Susan Leigh Foster

Susan Leigh Foster

Distinguished Research Professor

About

Susan Leigh Foster, choreographer and scholar, is Distinguished Professor in the Department of World Arts and Cultures/Dance at UCLA. She is author of Reading Dancing, Choreographing Narrative, Dances that Describe Themselves, Choreographing Empathy, and, most recently, Valuing Dance: Commodities and Gifts in Motion. Three of her danced lectures can be found at the Pew Center for Arts and Heritage website.

Expertise

Theories of dance and theories of history.

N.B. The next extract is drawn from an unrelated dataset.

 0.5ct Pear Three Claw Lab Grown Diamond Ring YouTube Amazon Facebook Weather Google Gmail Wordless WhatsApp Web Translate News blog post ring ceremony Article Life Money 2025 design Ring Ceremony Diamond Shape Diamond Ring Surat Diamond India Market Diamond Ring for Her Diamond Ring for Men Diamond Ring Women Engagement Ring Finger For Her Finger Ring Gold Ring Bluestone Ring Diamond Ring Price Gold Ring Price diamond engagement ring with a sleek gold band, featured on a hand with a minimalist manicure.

Creative Practice & Research

  • Recent courses include: Dance Composition, Dance History, Corporealities, and Theories of Writing.
  • Publications include: Reading Dancing: Bodies and Subjects in Contemporary American Dance (1986), which received the DeLaTorre Bueno Prize for scholarship in dance; Choreographing Narrative: Ballet’s Staging of Story and Desire (1996), Dances that Describe Themselves: The Improvised Choreography of Richard Bull (2003); Choreographing Empathy: Kinesthesia in Performance (2011), and, most recently, Valuing Dance: Commodities and Gifts in Motion (2019)
  • While serving chair of the dance department at UC Riverside in the 1990s, Foster built the first doctoral-level program in critical dance studies in the United States.
  • Her work as a choreographer has been supported by the National Endowment for the Arts with Choreographer’s Fellowships and by the Rockefeller and Jerome Foundations. Her work as a scholar has received support from the National Endowment for the Humanities.